ハーパーさん:その中から杜氏や蔵人の仕事を知ってたり、その仕事の面白さを知っている、という人は更に限られる。こんなに面白い仕事なのに。大変な仕事ではあるし、常に誰かから称賛されるような仕事ではない現状もあるが、だからこそもっと蔵人として働くことの価値を上げていきたい。

けんご:よっぽどなファンじゃないと、日本酒づくりの過程までは知らないですよね。

ハーパーさん:そう、業界としての出荷量は人口減少やアルコール自体の摂取量が減っている傾向から右肩下がりがずっと続いているし、それが止まらない現状は何かかが間違っているんだと思います。もちろん出荷量が全てではないが、もっと待遇良くなったり、働きがいを感じて、人が集まるような業界にしていかないといけない。

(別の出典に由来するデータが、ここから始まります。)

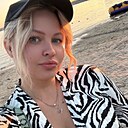 Анастасия, 30 лет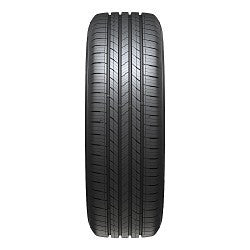275/55R17 109V HAN DYNAPRO HPX RA43 BW 70K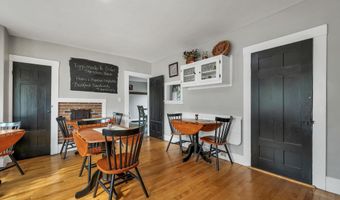 1354 NH Route 175, Campton, NH 03223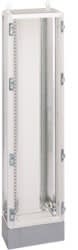 HAGER - HAGFM118 STRUTT QUADRO 5 H1860 L435 P400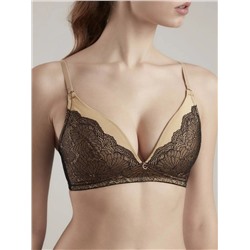 Conte elegant Бюстгальтер SATIN TB7174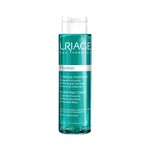 Тоник, Uriage (Урьяж) 250 мл Исеак очищающий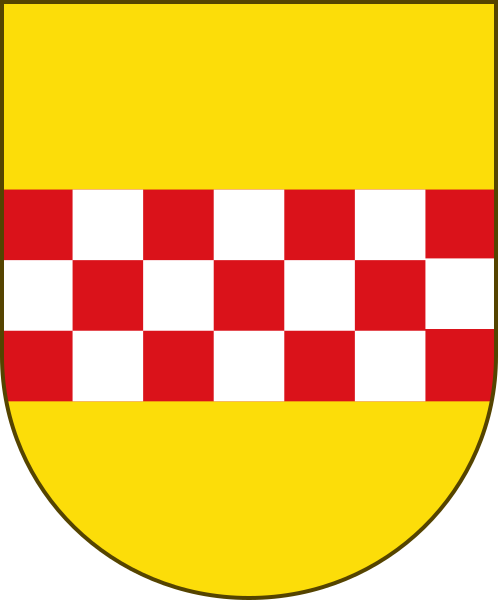 Файл:Counts of Mark Arms.svg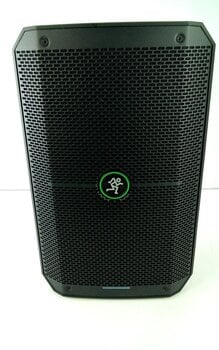 Akkumulátoros PA rendszer Mackie Thump GO Akkumulátoros PA rendszer (Használt ) - 2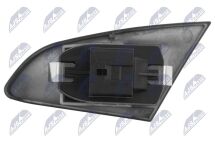 Перемикач, блокування дверей Porsche Cayenne 2010-,Panamera 2010-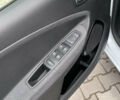 Белый Рено Зое, объемом двигателя 0 л и пробегом 82 тыс. км за 13800 $, фото 24 на Automoto.ua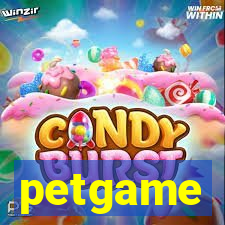 petgame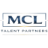 MCL Talent Partners Logo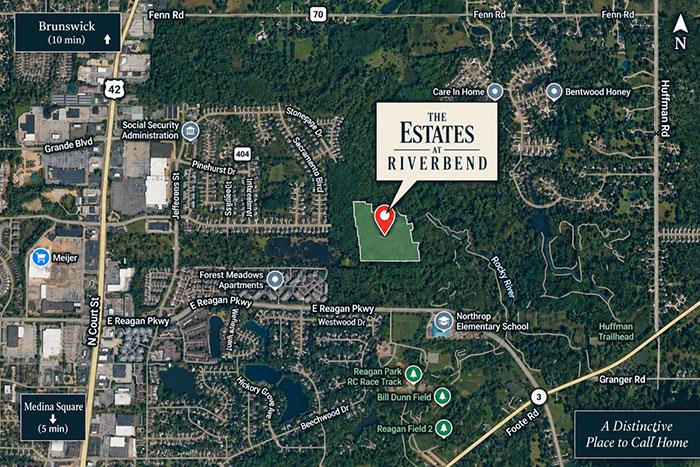 Dev-3-Riverbend-Graphic-Location-Map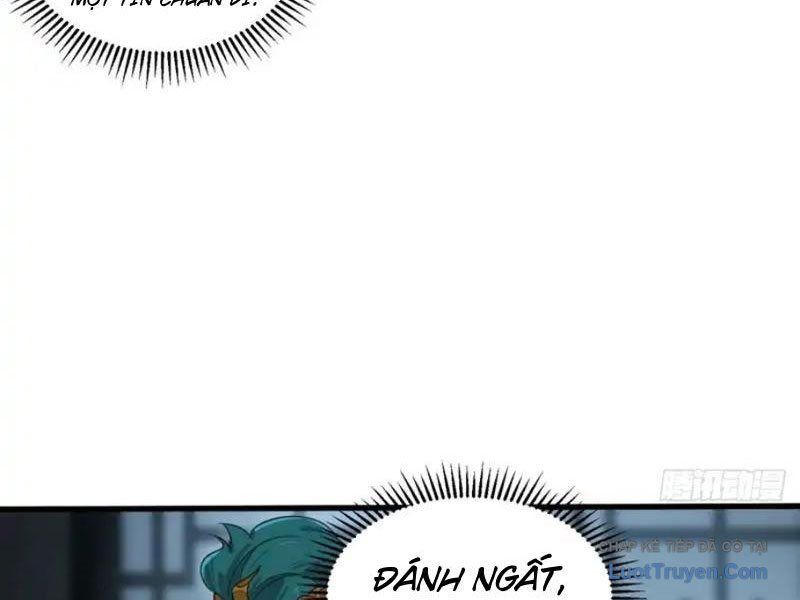 Giáo Chủ Ma Giáo Vụng Trộm Xem Ta Tu Luyện Chap 38 - Next Chap 37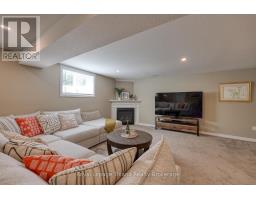 34 TARTAN DRIVE - 25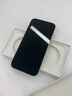 Apple/蘋(píng)果 iPhone 16（A3288）128GB 白色 支持移動(dòng)聯(lián)通電信5G 雙卡雙待手機 曬單實(shí)拍圖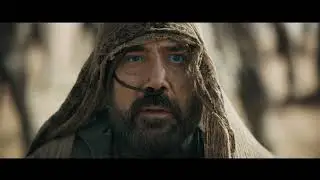 Dune: Awakening Video Game Trailer | Game Play Trailer | Early Access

けんご:確かに、僕も日本酒が好きで蔵人としての経験も少しだけあるので、その面白さや、やり甲斐ある仕事だという実感は働いたからこそ感じていました。

ハーパーさん:面白さを伝える為にも色んなラインナップの日本酒を造ったり、熟成酒もその一つ。より付加価値の高い日本酒を造って、興味を持ってくれる人が増えたり業界を面白がってくれる人が増えたらいいじゃないですか。

けんご:そうですよね、過去に比べて高い付加価値をつけて売上を伸ばしていくようなことも必要ですよね。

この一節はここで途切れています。